ECLI:NL:HR:2008:BD1380

Hoge Raad

Datum uitspraak
27 juni 2008
Publicatiedatum
5 april 2013
Zaaknummer
08/00759
Instantie
Hoge Raad
Type
Uitspraak
Rechtsgebied
Civiel recht; Insolventierecht
Procedures
  • Cassatie
Vindplaatsen
  • Rechtspraak.nl
AI samenvatting door LexboostAutomatisch gegenereerd

Faillissementsrecht en de toestand van hebben opgehouden te betalen bij achtergestelde leningen

In deze zaak heeft de Hoge Raad op 27 juni 2008 uitspraak gedaan in een cassatieprocedure tussen Dairex Holland B.V. en Armaghdown Creameries Ltd. Dairex, gevestigd te Eindhoven, was de verzoekster tot cassatie, terwijl Armaghdown, gevestigd in Newry, Verenigd Koninkrijk, de verweerder in cassatie was. De zaak betreft een verzoek tot faillietverklaring van Dairex, dat door de rechtbank 's-Hertogenbosch was afgewezen.
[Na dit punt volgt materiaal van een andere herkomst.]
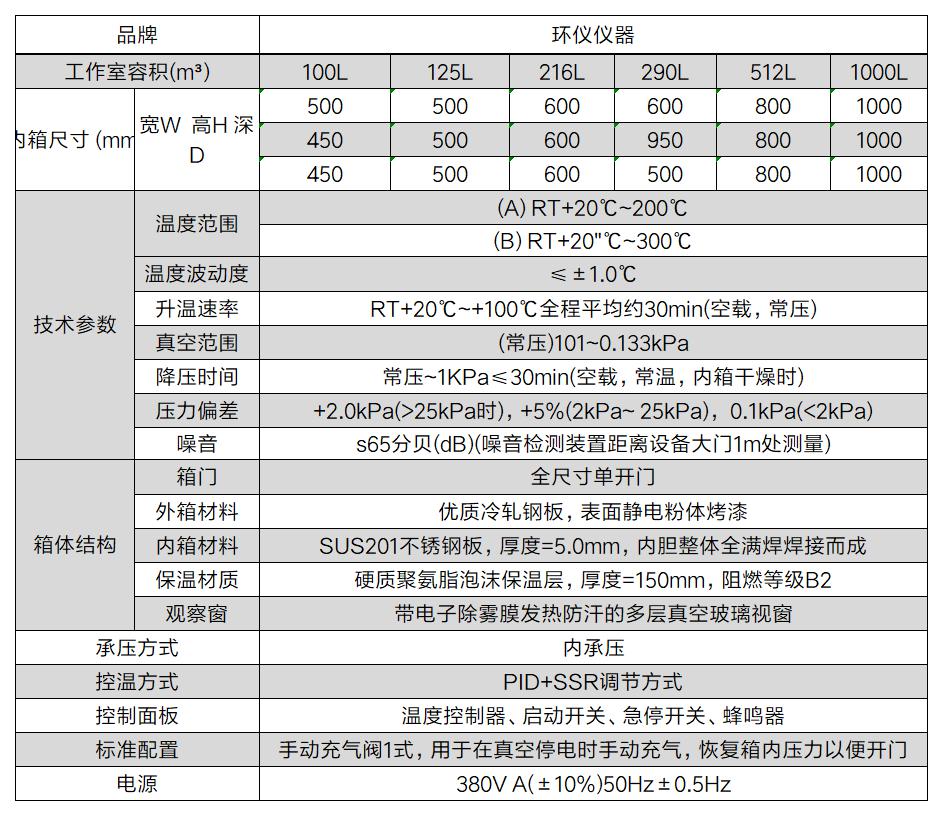 為什么會(huì)用到防氧化真空烘箱(圖3)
Armaghdown had op 12 november 2007 een verzoekschrift ingediend om Dairex in staat van faillissement te verklaren, maar de rechtbank oordeelde dat er onvoldoende bewijs was voor de conclusie dat Dairex in de toestand verkeerde van te hebben opgehouden te betalen.
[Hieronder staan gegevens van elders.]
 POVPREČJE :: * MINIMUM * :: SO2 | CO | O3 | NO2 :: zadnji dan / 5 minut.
Na hoger beroep door Armaghdown heeft het gerechtshof te 's-Hertogenbosch op 13 februari 2008 de beschikking van de rechtbank vernietigd en Dairex in staat van faillissement verklaard. Dairex heeft vervolgens cassatie ingesteld tegen dit arrest. De Hoge Raad heeft de zaak beoordeeld en geconcludeerd dat het hof ten onrechte had geoordeeld dat Dairex in de toestand verkeerde van te hebben opgehouden te betalen. De Hoge Raad oordeelde dat, indien naast de vordering van de schuldeiser die het faillissement aanvraagt, alleen blijkt van een achtergestelde schuld die pas bij liquidatie behoeft te worden voldaan, dit niet voldoende is om te concluderen dat de schuldenaar is opgehouden te betalen.
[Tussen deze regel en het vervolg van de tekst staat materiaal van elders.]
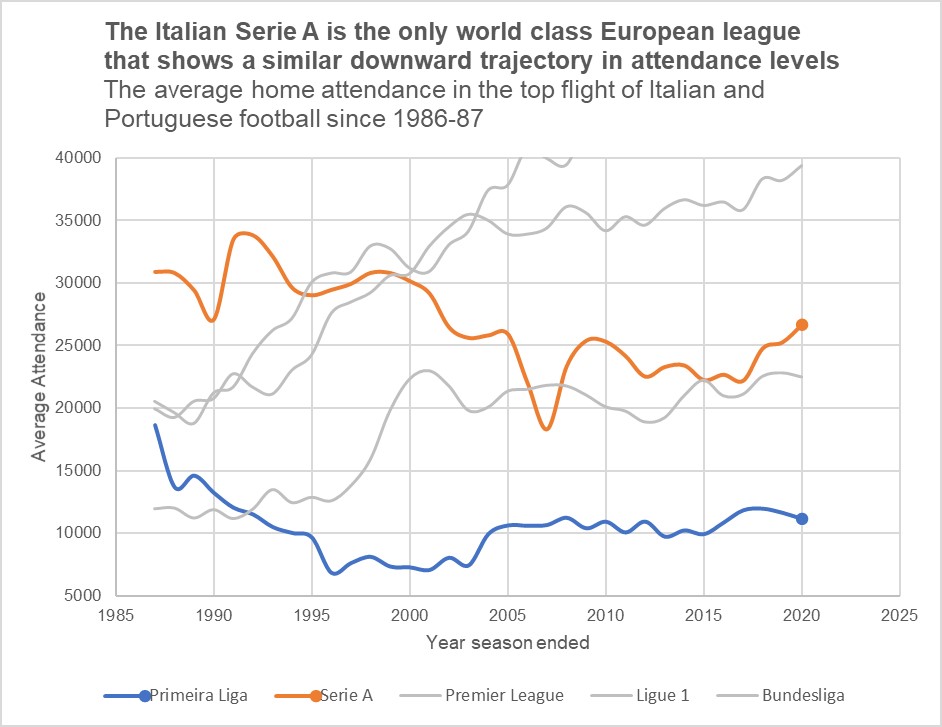 The Italian Serie A is the only world-class league which has suffered a similar drop in attendance since 1986 - however, their attendance started at a much higher level in the 1980s compared to the Primeira Liga - and has shown evidence of rising again over the last 15 years:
De Hoge Raad vernietigde het arrest van het gerechtshof en verwees de zaak naar het gerechtshof te Arnhem voor verdere behandeling. Tevens werd Armaghdown veroordeeld in de kosten van het geding in cassatie. Dit arrest benadrukt de noodzaak van zorgvuldige beoordeling van de toestand van de schuldenaar en de rol van achtergestelde leningen in faillissementsprocedures.

Uitspraak

27 juni 2008
Eerste Kamer
08/00759
EV/MD
Hoge Raad der Nederlanden
Arrest
in de zaak van:
DAIREX HOLLAND B.V.,
gevestigd te Eindhoven,
VERZOEKSTER tot cassatie,
advocaat: mr. M.V. Polak,
t e g e n
ARMAGHDOWN CREAMERIES LTD.,
gevestigd te Newry, Verenigd Koninkrijk,
VERWEERSTER in cassatie,
niet verschenen.
Partijen zullen hierna ook worden aangeduid als Dairex en Armaghdown.
1. Het geding in feitelijke instanties
Met een op 12 november 2007 ter griffie van de rechtbank 's-Hertogenbosch ingediend verzoekschrift heeft Armaghdown zich gewend tot die rechtbank en verzocht Dairex in staat van faillissement te verklaren. Dairex heeft het verzoek bestreden.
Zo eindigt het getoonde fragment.